Never in U.S. history has a sitting president morphed his campaign team into a tax-exempt nonprofit designed to use its voter databases to ramrod a president’s legislative agenda. Until now.
On Friday, First Lady Michelle Obama said the Obama campaign, officially known as Obama for America, will soon be turned into a 501 (c) 4 social welfare non-profit called Organizing For Action that can raise unlimited donations and will become “the next phase of our movement for change.” Former Obama campaign manager Jim Messina will become the group’s chairman of the board, Obama campaign strategist David Axelrod will be a consultant, and Obama media strategist David Plouffe will join the group once he exits the White House.
According to Politico, the group claims it will disclose its donors and not take money from lobbyists or political action committees (PACs), but will take unlimited money from corporations.
“It’s ironic and puzzling that a grassroots organization with a public interest agenda is going to take unlimited corporate money. It doesn’t square,” said Mary Boyle of Common Cause. “There’s one reason that corporations spends money on politics–they’re looking for something in return.”
In 2008, President Obama refused to take corporate cash to fund his inaugural. In 2012, he reversed that decision, having recently accepted a $250,000 check from ExxonMobil. The fact a sitting president’s former campaign team will be accepting corporate donations, to some, smacks of a double-standard that invites cronyism. Adam Green, co-founder of the Progressive Change Campaign Committee, blasted the decision:
“They won’t take money from MoveOn, Democracy for America, or Progressive Change Campaign Committee PACs, but will accept million-dollar checks from Bank of America and Goldman Sachs? What’s the principle there? No big bank or corporation will donate million-dollar checks to OFA without the expectation that it will impact which issues they engage on, and that’s very troubling,” Green said.

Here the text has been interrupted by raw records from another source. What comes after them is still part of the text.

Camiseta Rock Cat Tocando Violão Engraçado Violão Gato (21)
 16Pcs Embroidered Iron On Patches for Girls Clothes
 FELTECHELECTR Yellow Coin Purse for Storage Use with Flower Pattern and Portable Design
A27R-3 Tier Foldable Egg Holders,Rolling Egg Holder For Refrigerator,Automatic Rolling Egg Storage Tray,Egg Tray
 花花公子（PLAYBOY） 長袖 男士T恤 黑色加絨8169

One of the driving reasons the Obama campaign is turning itself into a tax-exempt non-profit is to maintain the team of tech wizards the campaign assembled to build its massive data mining and targeting apparatus. “No existing group has the technical resources to manage the data,” writes Natalie Jennings of the Washington Post. "If we can take the enthusiasm and passion that people showed throughout the campaign and channel it into the work ahead of us, we will be unstoppable," said Organizing For Action Board Chairman Jim Messina.
By law, 501 (c) 4 non-profits like Organizing For Action do not have to disclose their donors or the amounts donated. In the past, Messina has blasted conservative 501 (c) 4 organizations as shadowy, secret money groups backed by anonymous donors and corporate interests. In a June email, Messina said:
“They have a vested interest in being able to spend millions anonymously to influence our elections—many of the corporations and individuals funding their organizations don’t want their agendas to receive scrutiny from the press or the public We can make sure they don’t get away with hiding these donors—or their agendas. But it’s going to take a lot of us standing up, putting our foot down, and saying ‘Hell no.’”
First Lady Michelle Obama cut a video to promote the Obama’s campaign’s decision to turn itself into a 501 (c) 4 nonprofit and explained why citizens should get involved.
“I often think back to one of my first dates with Barack, all those years ago,” said Mrs. Obama. “Back then, he spoke to me about the world as it is and the world as it should be and our obligation to bridge that divide. The work you’ve done has brought us so much closer to the world as it should be. But we aren’t there yet…So I hope you will join Organizing For Action.”
Where are we letting this guy take the country?